Stored data
_ _ _

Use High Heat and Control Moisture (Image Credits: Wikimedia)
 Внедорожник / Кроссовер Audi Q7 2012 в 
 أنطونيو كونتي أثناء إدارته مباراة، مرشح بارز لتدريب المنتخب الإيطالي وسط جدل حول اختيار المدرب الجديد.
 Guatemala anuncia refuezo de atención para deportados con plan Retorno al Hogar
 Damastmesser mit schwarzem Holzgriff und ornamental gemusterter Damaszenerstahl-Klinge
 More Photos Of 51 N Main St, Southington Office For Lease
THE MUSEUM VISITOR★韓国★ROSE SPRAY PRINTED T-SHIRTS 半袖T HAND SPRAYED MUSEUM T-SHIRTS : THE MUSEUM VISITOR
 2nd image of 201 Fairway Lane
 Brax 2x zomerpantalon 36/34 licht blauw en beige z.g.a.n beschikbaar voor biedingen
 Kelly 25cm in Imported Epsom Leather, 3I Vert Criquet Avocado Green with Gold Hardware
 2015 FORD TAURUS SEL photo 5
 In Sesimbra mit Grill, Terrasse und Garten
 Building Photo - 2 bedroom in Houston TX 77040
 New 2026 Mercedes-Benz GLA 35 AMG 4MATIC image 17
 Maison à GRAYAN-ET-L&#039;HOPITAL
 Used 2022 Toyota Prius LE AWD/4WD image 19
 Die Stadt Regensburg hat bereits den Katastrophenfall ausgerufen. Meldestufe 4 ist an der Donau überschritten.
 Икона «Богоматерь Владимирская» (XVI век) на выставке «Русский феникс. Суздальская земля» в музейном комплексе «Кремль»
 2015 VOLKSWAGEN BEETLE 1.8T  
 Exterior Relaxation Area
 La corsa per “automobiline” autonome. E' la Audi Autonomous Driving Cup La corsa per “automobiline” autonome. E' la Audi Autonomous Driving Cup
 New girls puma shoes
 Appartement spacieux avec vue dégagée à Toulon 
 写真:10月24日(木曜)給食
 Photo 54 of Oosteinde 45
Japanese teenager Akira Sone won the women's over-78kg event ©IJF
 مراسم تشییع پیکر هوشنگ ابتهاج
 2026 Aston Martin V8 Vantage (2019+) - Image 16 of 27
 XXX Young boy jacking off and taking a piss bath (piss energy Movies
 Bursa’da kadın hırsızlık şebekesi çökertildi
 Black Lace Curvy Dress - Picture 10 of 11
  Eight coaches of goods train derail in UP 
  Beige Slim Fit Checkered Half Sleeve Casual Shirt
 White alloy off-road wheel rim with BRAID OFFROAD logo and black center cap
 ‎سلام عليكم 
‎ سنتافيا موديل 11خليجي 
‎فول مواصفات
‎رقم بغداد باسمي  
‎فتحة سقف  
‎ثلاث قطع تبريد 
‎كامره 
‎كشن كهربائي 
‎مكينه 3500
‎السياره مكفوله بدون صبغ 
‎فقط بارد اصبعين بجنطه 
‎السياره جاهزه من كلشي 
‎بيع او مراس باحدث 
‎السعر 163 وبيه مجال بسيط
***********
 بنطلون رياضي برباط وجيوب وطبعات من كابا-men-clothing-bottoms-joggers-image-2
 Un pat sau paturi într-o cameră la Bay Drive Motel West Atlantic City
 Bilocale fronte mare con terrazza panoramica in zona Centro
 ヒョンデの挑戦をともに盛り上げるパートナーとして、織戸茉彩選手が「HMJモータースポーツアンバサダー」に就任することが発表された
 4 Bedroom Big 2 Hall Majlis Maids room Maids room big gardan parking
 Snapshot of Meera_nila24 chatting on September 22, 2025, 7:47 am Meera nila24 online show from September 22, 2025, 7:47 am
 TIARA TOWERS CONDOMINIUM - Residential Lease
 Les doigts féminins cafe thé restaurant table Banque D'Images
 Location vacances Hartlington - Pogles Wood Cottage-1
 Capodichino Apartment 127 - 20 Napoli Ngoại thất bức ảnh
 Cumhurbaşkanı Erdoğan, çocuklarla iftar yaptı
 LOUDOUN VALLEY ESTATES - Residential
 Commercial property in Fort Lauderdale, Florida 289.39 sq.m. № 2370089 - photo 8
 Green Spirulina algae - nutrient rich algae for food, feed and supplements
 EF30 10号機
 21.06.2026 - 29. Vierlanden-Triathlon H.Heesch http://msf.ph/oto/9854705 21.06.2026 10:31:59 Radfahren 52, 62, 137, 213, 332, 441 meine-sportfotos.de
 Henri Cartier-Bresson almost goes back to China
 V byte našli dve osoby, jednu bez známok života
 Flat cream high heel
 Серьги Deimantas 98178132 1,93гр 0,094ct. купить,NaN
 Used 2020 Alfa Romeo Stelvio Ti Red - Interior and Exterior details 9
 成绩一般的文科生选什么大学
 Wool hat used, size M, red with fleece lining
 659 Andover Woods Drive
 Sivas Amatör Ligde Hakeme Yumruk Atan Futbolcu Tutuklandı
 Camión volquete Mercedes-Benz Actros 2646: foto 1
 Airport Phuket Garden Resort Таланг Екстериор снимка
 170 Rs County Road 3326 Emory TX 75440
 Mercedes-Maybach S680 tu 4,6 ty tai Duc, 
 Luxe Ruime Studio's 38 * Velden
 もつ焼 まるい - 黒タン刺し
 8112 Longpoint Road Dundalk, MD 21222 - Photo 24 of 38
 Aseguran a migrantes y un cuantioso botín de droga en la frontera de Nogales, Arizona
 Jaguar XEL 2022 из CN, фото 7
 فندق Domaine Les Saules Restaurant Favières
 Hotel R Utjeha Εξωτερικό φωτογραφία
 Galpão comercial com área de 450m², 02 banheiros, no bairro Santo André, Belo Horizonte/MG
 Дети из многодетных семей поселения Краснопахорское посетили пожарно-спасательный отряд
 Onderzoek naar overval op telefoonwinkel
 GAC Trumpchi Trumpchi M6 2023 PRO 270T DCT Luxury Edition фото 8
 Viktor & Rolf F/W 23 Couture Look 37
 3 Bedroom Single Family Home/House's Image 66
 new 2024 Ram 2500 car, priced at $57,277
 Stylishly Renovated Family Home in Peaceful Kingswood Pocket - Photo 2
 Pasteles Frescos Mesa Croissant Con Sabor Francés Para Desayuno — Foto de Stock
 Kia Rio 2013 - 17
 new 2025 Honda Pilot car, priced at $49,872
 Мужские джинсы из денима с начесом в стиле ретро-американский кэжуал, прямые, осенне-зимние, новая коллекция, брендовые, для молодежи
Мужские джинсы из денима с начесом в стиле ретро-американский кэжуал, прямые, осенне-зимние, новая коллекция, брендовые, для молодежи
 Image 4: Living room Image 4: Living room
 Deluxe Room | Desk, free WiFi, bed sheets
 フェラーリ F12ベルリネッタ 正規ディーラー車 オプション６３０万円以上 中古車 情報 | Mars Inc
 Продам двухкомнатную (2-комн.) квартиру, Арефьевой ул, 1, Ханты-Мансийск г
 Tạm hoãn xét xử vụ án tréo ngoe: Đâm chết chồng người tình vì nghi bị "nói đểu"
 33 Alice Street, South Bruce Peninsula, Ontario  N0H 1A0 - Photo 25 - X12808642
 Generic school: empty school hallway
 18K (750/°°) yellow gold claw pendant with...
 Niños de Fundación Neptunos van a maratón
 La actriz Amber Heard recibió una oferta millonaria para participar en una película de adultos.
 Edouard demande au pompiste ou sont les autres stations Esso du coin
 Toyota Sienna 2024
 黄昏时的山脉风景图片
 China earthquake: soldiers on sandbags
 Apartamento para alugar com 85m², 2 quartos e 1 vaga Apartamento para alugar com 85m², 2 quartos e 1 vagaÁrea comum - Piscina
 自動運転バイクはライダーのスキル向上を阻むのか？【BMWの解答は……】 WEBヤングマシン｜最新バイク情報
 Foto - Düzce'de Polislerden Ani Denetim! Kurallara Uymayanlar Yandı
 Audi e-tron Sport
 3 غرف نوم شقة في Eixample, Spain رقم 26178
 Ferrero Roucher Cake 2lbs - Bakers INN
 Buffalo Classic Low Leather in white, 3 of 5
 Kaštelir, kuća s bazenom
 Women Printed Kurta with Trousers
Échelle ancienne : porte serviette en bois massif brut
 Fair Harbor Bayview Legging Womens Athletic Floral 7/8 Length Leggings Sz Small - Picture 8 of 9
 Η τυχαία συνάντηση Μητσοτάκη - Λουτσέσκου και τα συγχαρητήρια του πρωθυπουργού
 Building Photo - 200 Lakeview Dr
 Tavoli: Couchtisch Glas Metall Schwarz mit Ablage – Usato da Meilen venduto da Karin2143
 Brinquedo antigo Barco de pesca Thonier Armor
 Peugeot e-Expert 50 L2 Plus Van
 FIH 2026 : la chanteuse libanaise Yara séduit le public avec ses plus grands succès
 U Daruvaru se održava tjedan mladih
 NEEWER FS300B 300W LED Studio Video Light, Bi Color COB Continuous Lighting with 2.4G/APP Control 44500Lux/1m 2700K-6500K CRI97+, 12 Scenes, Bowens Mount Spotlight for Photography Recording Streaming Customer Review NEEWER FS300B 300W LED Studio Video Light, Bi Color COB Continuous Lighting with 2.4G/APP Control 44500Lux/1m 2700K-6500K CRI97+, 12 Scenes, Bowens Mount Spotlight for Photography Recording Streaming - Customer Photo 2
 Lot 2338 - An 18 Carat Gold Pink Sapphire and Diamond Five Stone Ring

_ _ _

▶ [What you will do] In the entries above, find the line with "Generic school: empty school hallway" and the line with "Edouard demande au", then set down exactly those two and every line between them, nothing else.

▶ [Answer section]
 Generic school: empty school hallway
 18K (750/°°) yellow gold claw pendant with...
 Niños de Fundación Neptunos van a maratón
 La actriz Amber Heard recibió una oferta millonaria para participar en una película de adultos.
 Edouard demande au pompiste ou sont les autres stations Esso du coin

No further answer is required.